Le misure adottate nel mondo per lavoratori e famiglie
La crisi economica causata dal coronavirus rischia di causare milioni di nuovi poveri: il confronto tra quello che si sta facendo per evitarlo
L’Organizzazione Internazionale del Lavoro stima che in tutto il mondo il 37,5 per cento dei lavoratori sia occupato in settori che corrono il rischio di non riprendersi più dalla crisi dovuta alla pandemia da coronavirus, e stima che nel secondo trimestre del 2020 saranno persi nel mondo almeno 305 milioni di posti di lavoro a tempo pieno. Secondo uno studio dell’ONG Oxfam, nei prossimi mesi in tutto il mondo oltre mezzo miliardo di persone potrebbe finire in povertà assoluta a causa della crisi.

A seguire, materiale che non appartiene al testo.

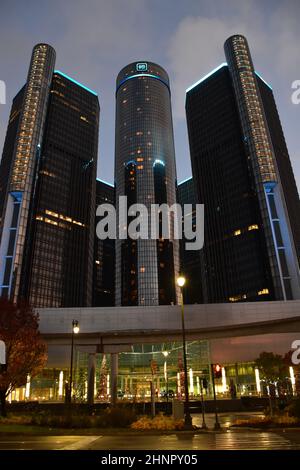 Der Hauptsitz von General Motors befindet sich im Renaissance Center am Wasser in der Innenstadt von Detroit, Michigan, USA. Stockfoto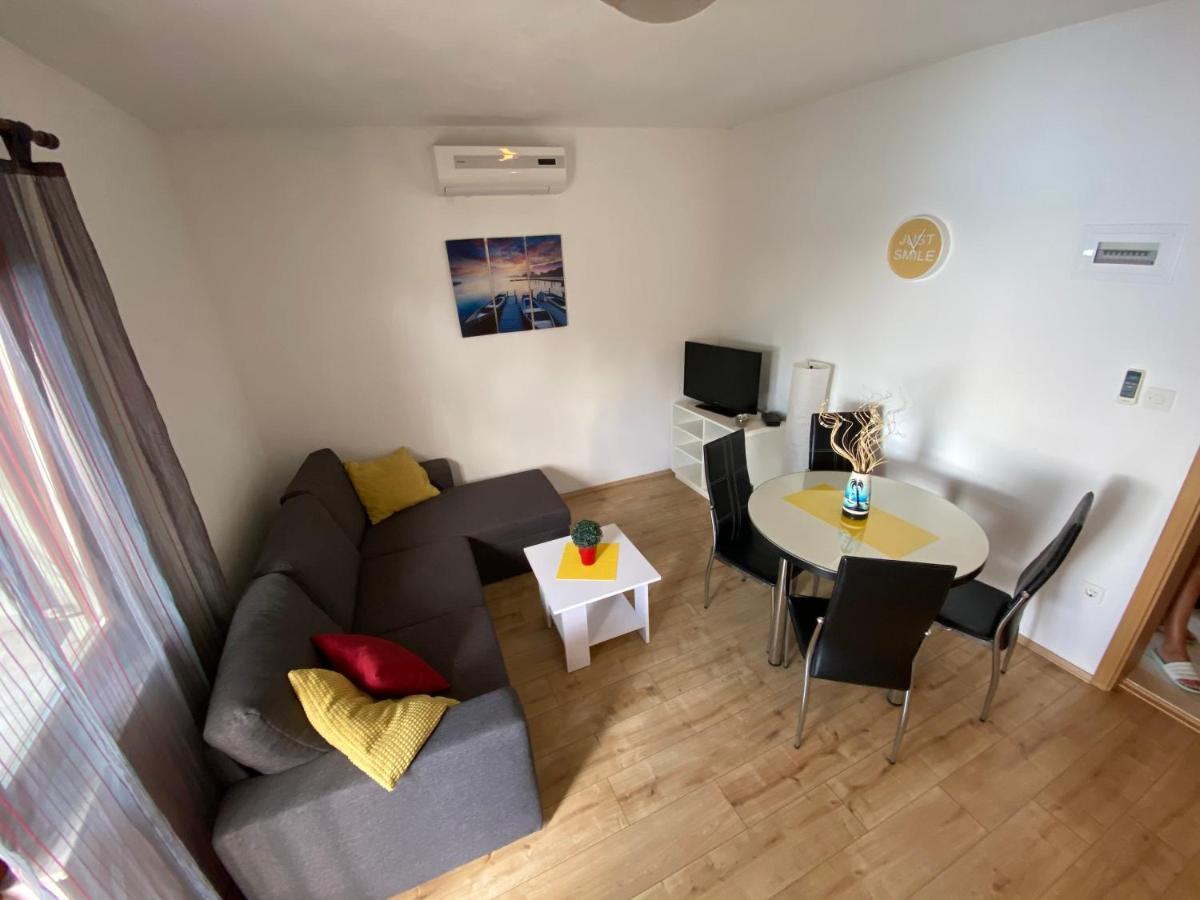 Apartament Bartol With Free Bikes And Great Local Food Trogir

In Europa e negli Stati Uniti, così come in gran parte del resto del mondo, i governi sono intervenuti spendendo cifre senza precedenti per cercare di mitigare questo impatto. Il Fondo Monetario Internazionale ha pubblicato un elenco con le principali misure adottate in tutto il mondo; il centro studi Bruegel ne ha realizzato uno ancora più dettagliato con gli aiuti decisi dai paesi europei.
Come per le misure destinate alle imprese, anche quelle destinate a famiglie e lavoratori sono in buona parte simili tra un paese e l’altro. Lo strumento principale, utilizzato soprattutto in Europa, è un equivalente della nostra cassa integrazione: un sussidio statale destinato alle imprese con cui pagare una parte degli stipendi dei lavoratori lasciati a casa o che lavorano a orario ridotto.
Oggi però sempre più lavoratori hanno impieghi atipici o precari, che sfuggono a questo tipo di sussidi. Anche se gli stati hanno introdotto varie forme di aiuti mirati per cercare di raggiungere anche loro, le misure di sussidio universali proposte con sempre più frequenza da attivisti ed economisti rimangono ancora lontane.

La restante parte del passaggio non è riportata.